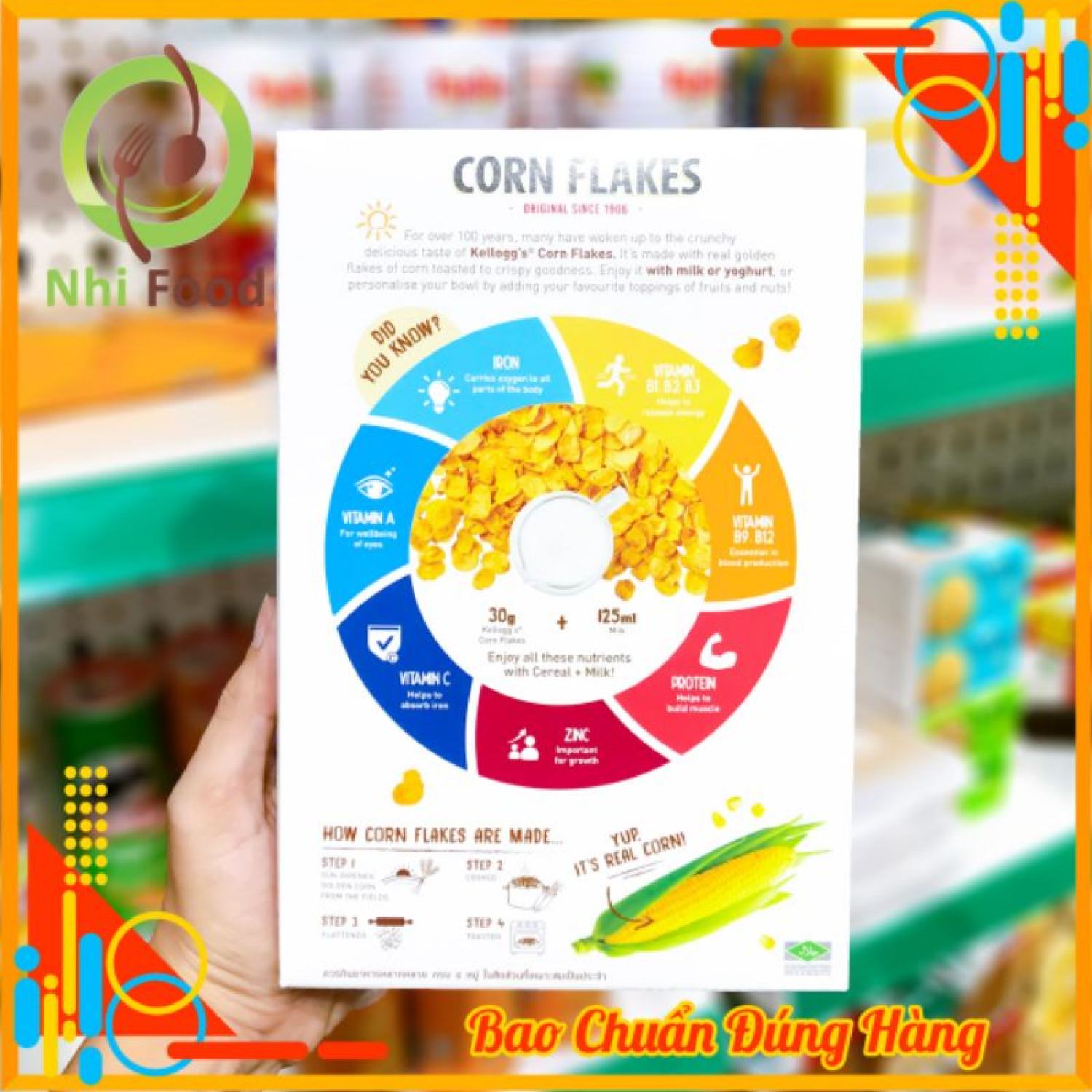 Ngũ Cốc Ăn Sáng Kellogg's Corn Flakes, Gồm 3 Vị
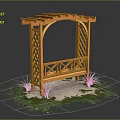 Wooden Pergola With Lattice Sides and Bench Surrounded by Green Plants and White Gravel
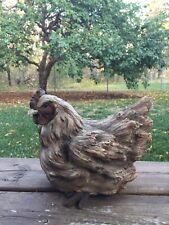 Hen Squatting Figurine Statue Birds Resin, Driftwood Display, Indoor Outdoor Orn picture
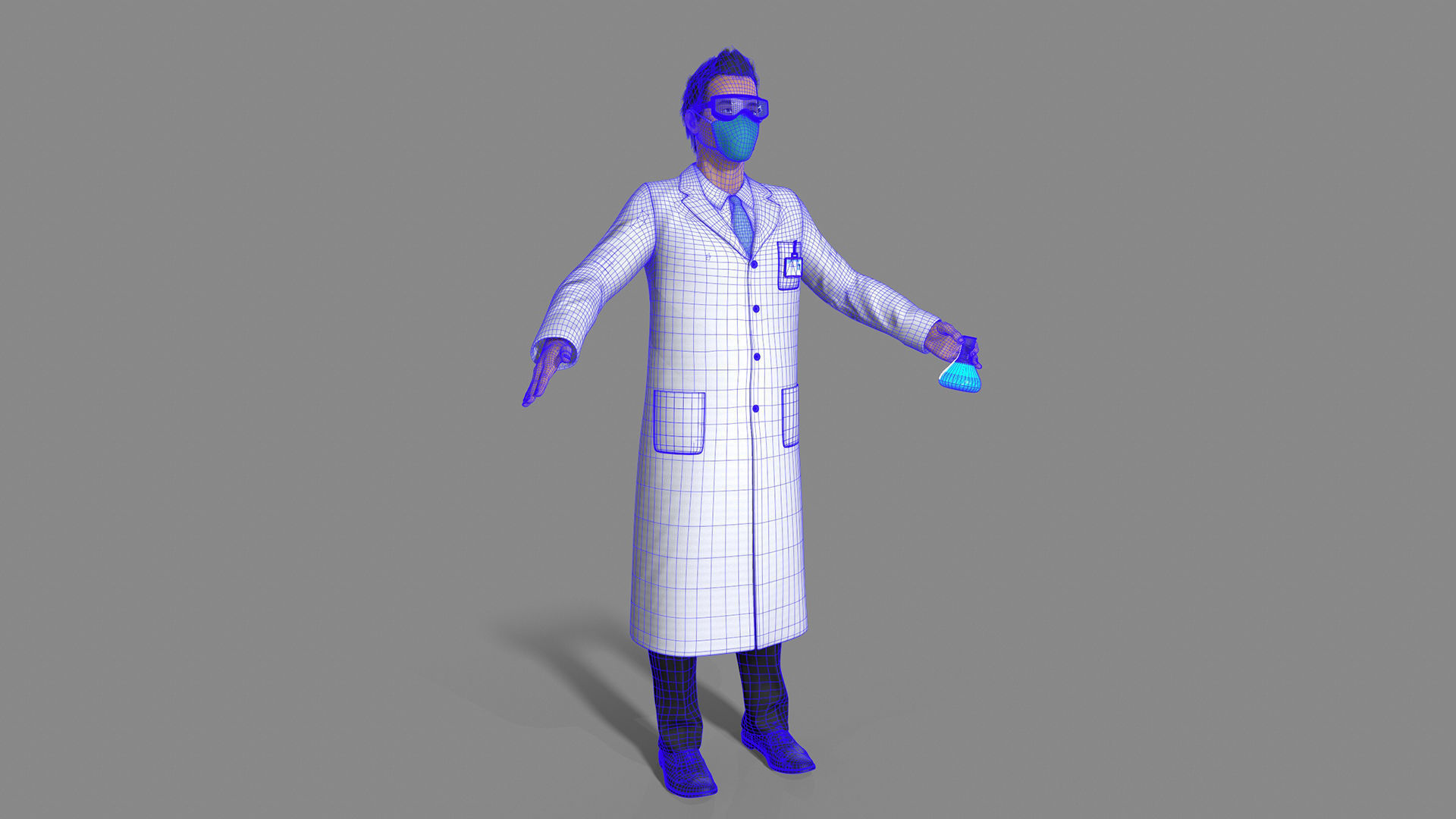 doctor character Low-poly 3D model_17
++++++++++++++++++++
### Your objective:
When you write out the data, keep every line exact and drop the pictures.

### Response to this exercise:
 Ngũ Cốc Ăn Sáng Kellogg's Corn Flakes, Gồm 3 Vị
 Wooden Pergola With Lattice Sides and Bench Surrounded by Green Plants and White Gravel
 Hen Squatting Figurine Statue Birds Resin, Driftwood Display, Indoor Outdoor Orn picture
 doctor character Low-poly 3D model_17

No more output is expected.